**WHAT YOU NEED TO DO**
Scan the records below for the line with "Chain - Yellow" and the line with "Настольный увлажнитель-ароматизатор Humisphere", and retype that range exactly, both ends included, pictures excepted.

**PROVIDED MATERIAL**
::::
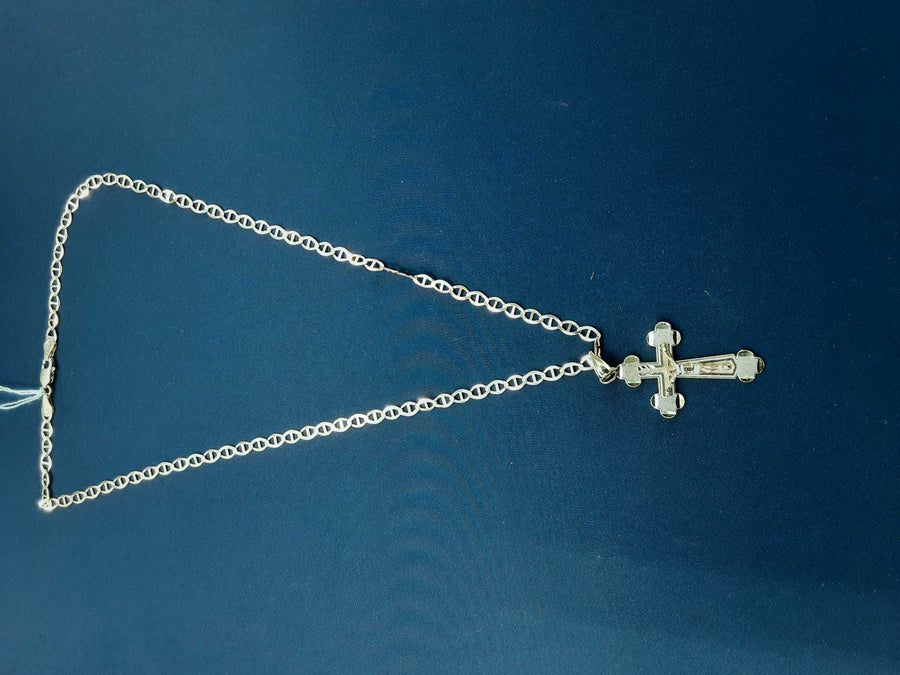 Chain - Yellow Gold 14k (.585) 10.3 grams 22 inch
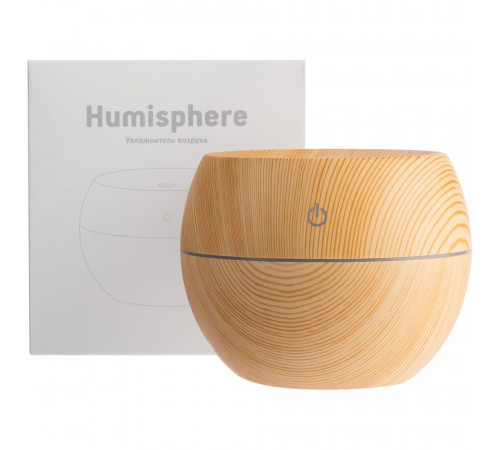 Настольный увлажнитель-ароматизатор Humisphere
::::
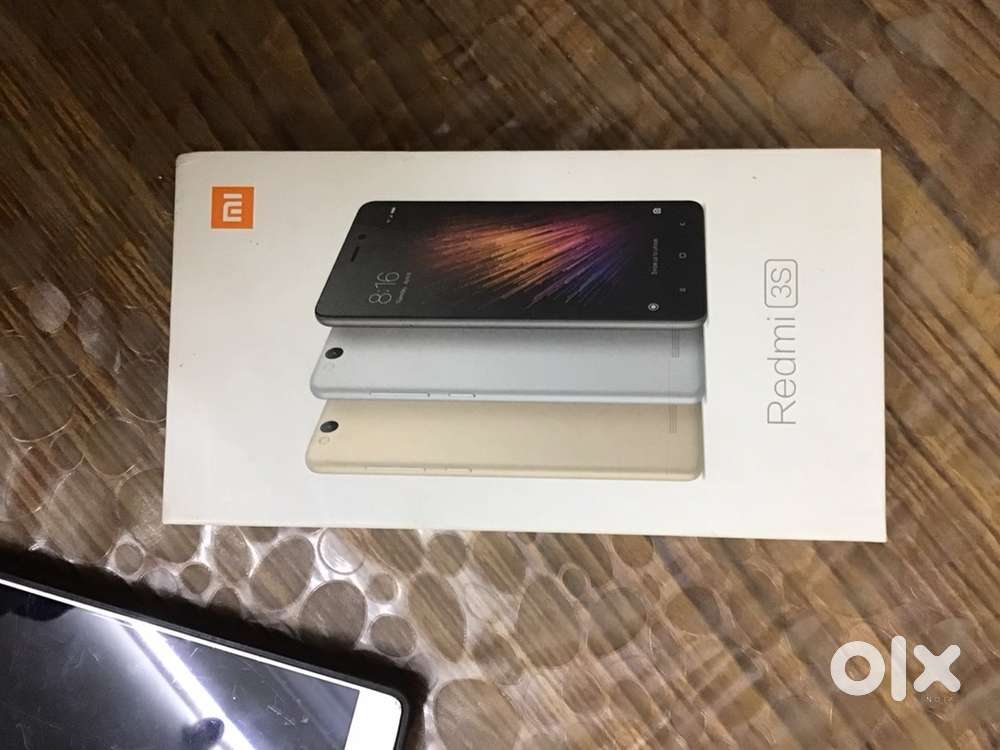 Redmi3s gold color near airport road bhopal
::::
**RESPONSE TO THIS EXERCISE**
 Chain - Yellow Gold 14k (.585) 10.3 grams 22 inch
 Настольный увлажнитель-ароматизатор Humisphere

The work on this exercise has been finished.